PROBLEM TO WORK ON — Only the lines from the one with "Thomas Cole Duvet" to the end of the data, both ends included, should be output, exactly as they stand and without pictures.

----- SOURCE DATA

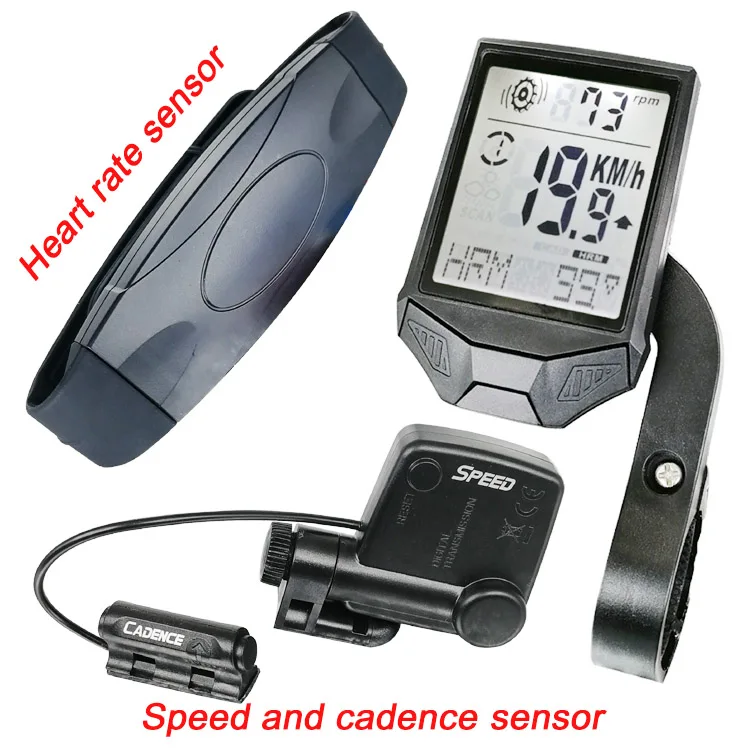 
001Step frequency heart rate speed three-in-one code table wireless bicycle code table multi-function odometer riding equipment 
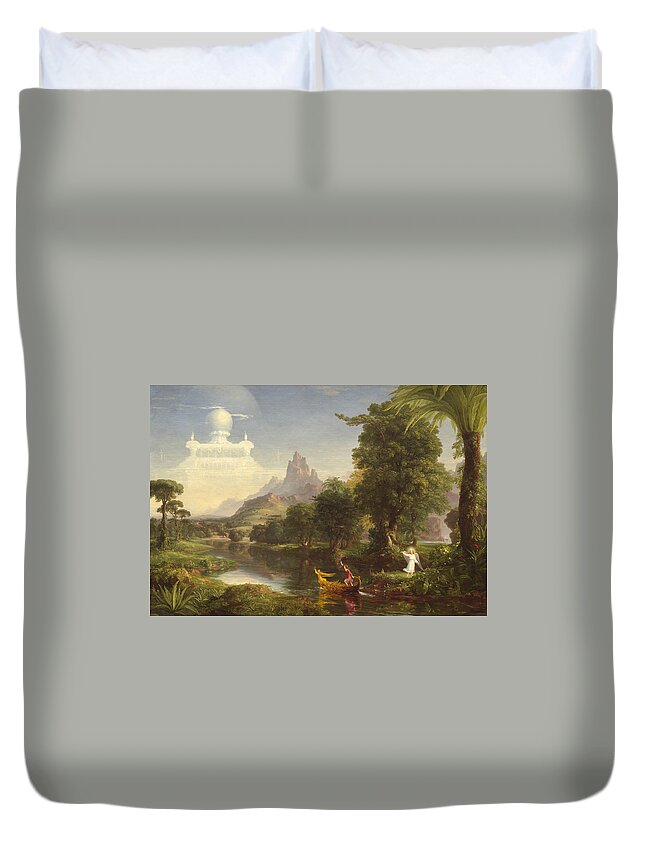 Thomas Cole Duvet Cover featuring the painting He Voyage Of Life by MotionAge Designs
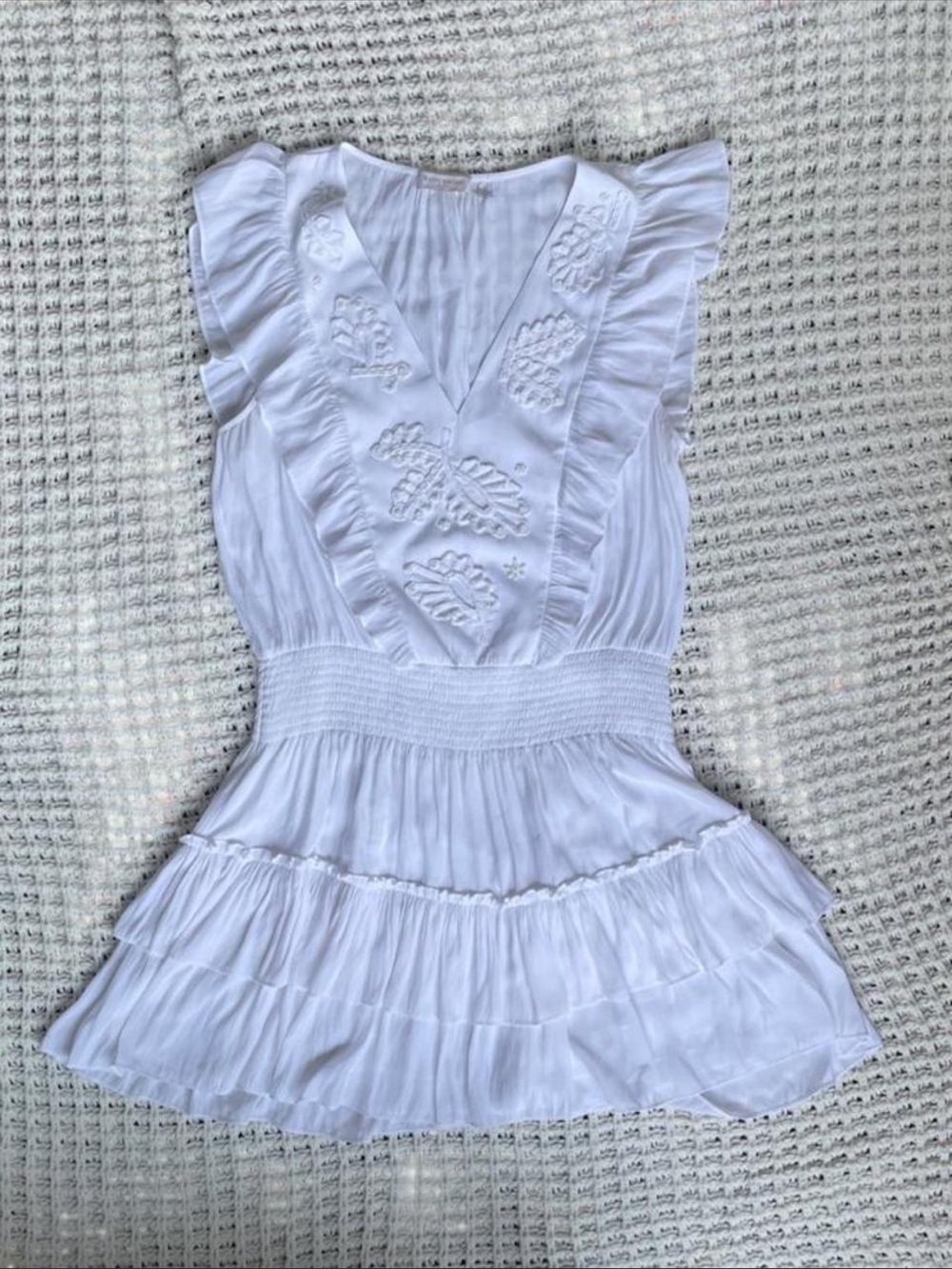Ramy Brook ‘Ari’ White Ruffle Boho / Festival Mini Dress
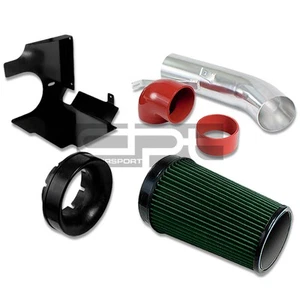 FIT GMC/CHEVY/CADILLAC 4.8/5.3/6.0 COLD AIR GREEN FILTER INTAKE+HEAT SHIELD+PIPE - Foto 1 di 1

----------

SOLUTION —
 Thomas Cole Duvet Cover featuring the painting He Voyage Of Life by MotionAge Designs
Ramy Brook ‘Ari’ White Ruffle Boho / Festival Mini Dress
 FIT GMC/CHEVY/CADILLAC 4.8/5.3/6.0 COLD AIR GREEN FILTER INTAKE+HEAT SHIELD+PIPE - Foto 1 di 1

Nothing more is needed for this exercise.